*What to work on*. Your answer should be the entire listing, printed exactly.
§
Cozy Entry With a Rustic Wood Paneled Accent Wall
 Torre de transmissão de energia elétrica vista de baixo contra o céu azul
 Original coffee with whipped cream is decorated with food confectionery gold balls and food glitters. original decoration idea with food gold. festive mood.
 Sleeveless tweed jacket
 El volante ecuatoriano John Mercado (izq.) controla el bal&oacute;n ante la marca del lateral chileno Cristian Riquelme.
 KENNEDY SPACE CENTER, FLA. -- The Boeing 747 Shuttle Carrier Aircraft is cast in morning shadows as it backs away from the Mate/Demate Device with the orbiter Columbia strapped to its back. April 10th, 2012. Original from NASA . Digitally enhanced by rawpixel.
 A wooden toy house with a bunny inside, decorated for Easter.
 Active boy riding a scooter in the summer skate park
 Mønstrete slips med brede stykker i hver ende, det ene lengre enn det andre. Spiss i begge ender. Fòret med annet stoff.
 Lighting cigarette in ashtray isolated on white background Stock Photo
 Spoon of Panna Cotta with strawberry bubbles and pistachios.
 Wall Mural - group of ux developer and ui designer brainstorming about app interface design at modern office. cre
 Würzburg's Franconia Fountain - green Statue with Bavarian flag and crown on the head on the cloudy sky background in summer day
§
*Output below*.
Cozy Entry With a Rustic Wood Paneled Accent Wall
 Torre de transmissão de energia elétrica vista de baixo contra o céu azul
 Original coffee with whipped cream is decorated with food confectionery gold balls and food glitters. original decoration idea with food gold. festive mood.
 Sleeveless tweed jacket
 El volante ecuatoriano John Mercado (izq.) controla el bal&oacute;n ante la marca del lateral chileno Cristian Riquelme.
 KENNEDY SPACE CENTER, FLA. -- The Boeing 747 Shuttle Carrier Aircraft is cast in morning shadows as it backs away from the Mate/Demate Device with the orbiter Columbia strapped to its back. April 10th, 2012. Original from NASA . Digitally enhanced by rawpixel.
 A wooden toy house with a bunny inside, decorated for Easter.
 Active boy riding a scooter in the summer skate park
 Mønstrete slips med brede stykker i hver ende, det ene lengre enn det andre. Spiss i begge ender. Fòret med annet stoff.
 Lighting cigarette in ashtray isolated on white background Stock Photo
 Spoon of Panna Cotta with strawberry bubbles and pistachios.
 Wall Mural - group of ux developer and ui designer brainstorming about app interface design at modern office. cre
 Würzburg's Franconia Fountain - green Statue with Bavarian flag and crown on the head on the cloudy sky background in summer day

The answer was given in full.